Data provided below:
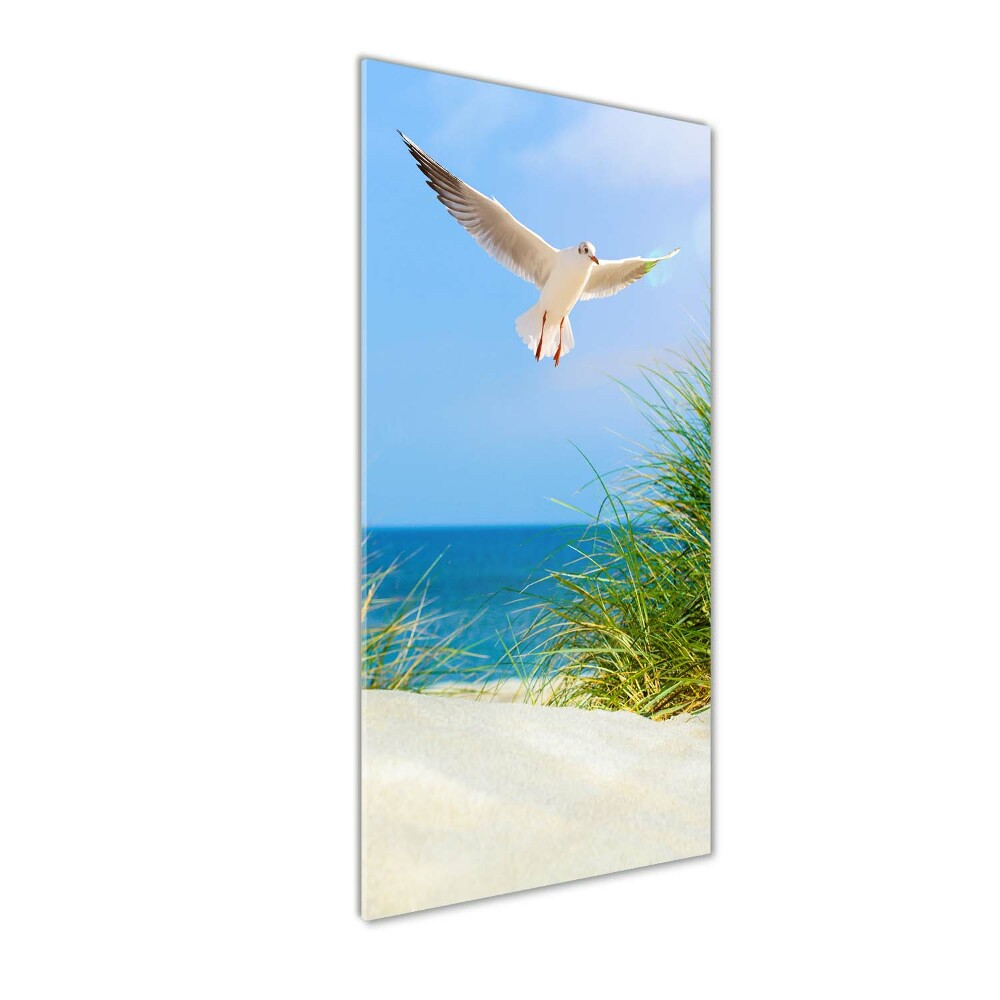 Obraz zdjęcie szkło akryl pionowy Mewa nad wydmami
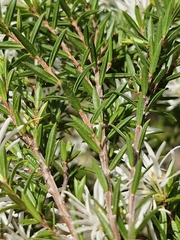 Pseudanthus pimeleoides, photograph ronavery, CC BY, iNaturalist via GBIF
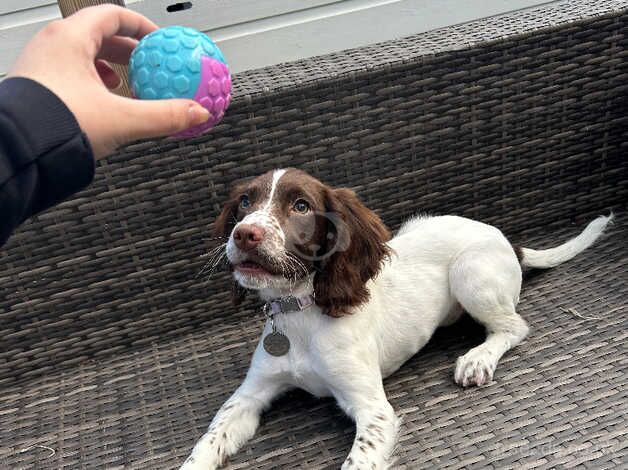 Female Springer Spaniel Puppy for sale in Leeds, West Yorkshire - Image 5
End of Data provided.
Required action
Go through the listing above and retype it exactly, skipping every picture.

Written solution
 Obraz zdjęcie szkło akryl pionowy Mewa nad wydmami
 Pseudanthus pimeleoides, photograph ronavery, CC BY, iNaturalist via GBIF
 Female Springer Spaniel Puppy for sale in Leeds, West Yorkshire - Image 5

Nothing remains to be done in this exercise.